[Debian-med-packaging] Bug#861281: rnahybrid: FTBFS on armel
Lennart Sorensen
lsorense at csclub.uwaterloo.ca
Tue Sep 26 15:10:04 UTC 2017
On Tue, Sep 26, 2017 at 09:57:09AM +0100, Edmund Grimley Evans wrote:
> The infinite loop is still there with gcc-7. I've created bug #876825.
>
> Before you exclude armel, you could perhaps try doing something about
> this warning, which is given not just on armel and may or may not be
> related to the compiler going into an infinite loop:
>
> energy.c:539:104: warning: iteration 6 invokes undefined behavior
> [-Waggressive-loop-optimizations]
Is it because of this:
energy.c:539:53: note: within this loop
for(i=0;i<ALPHASIZE;i++) for(j=0;j<ALPHASIZE;j++) for(k=0;k<=ALPHASIZE;k++) dr_dangle_dg_ar[i][j][k] = 0;
Perhaps that that k<= in the k loop should be < like in the i and j loops so it doesn't go beyond the end of the array.
ALPHASIZE is 6, so the k loop would try go one too far.

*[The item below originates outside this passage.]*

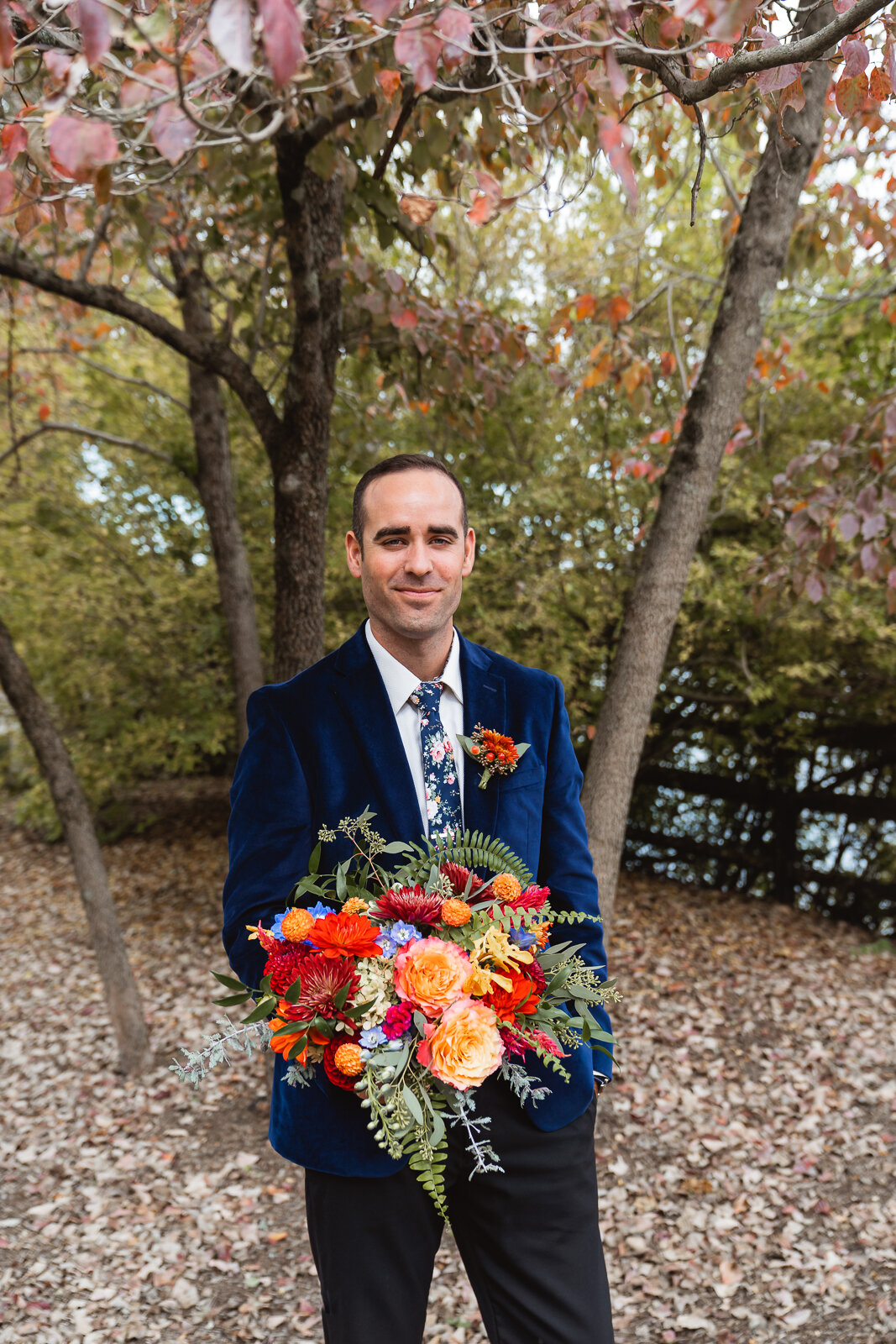 groom-holding-bouquet.jpg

Every array allocated with ALPHASIZE certainly don't add one anywhere, so any look going from 0 to ALPHASIZE must use < not <= so there are two places in the file that are wrong.
I think this might help:
--- rnahybrid-2.1.2.orig/src/energy.c 2013-08-25 11:51:20.000000000 -0400
+++ rnahybrid-2.1.2/src/energy.c 2017-09-26 11:04:34.747986466 -0400
@@ -536,7 +536,7 @@
void init_dr_dangle_dg_ar()
{
int i,j,k;
- for(i=0;i<ALPHASIZE;i++) for(j=0;j<ALPHASIZE;j++) for(k=0;k<=ALPHASIZE;k++) dr_dangle_dg_ar[i][j][k] = 0;
+ for(i=0;i<ALPHASIZE;i++) for(j=0;j<ALPHASIZE;j++) for(k=0;k<ALPHASIZE;k++) dr_dangle_dg_ar[i][j][k] = 0;
dr_dangle_dg_ar[A][U][A] = -0.700;
dr_dangle_dg_ar[A][U][C] = -0.100;
@@ -568,7 +568,7 @@
void init_dl_dangle_dg_ar()
{
int i,j,k;
- for(i=0;i<=ALPHASIZE;i++) for(j=0;j<ALPHASIZE;j++) for(k=0;k<ALPHASIZE;k++) dl_dangle_dg_ar[i][j][k] = 0;
+ for(i=0;i<ALPHASIZE;i++) for(j=0;j<ALPHASIZE;j++) for(k=0;k<ALPHASIZE;k++) dl_dangle_dg_ar[i][j][k] = 0;
dl_dangle_dg_ar[A][A][U] = -0.300;
dl_dangle_dg_ar[C][A][U] = -0.300;
> There are other warnings, too, but undefined behaviour is particularly scary.
The pointers being converted to integers concern me a bit. That might
cause big problems on 64 bit systems.
It sure looks like some seriously sloppy coding.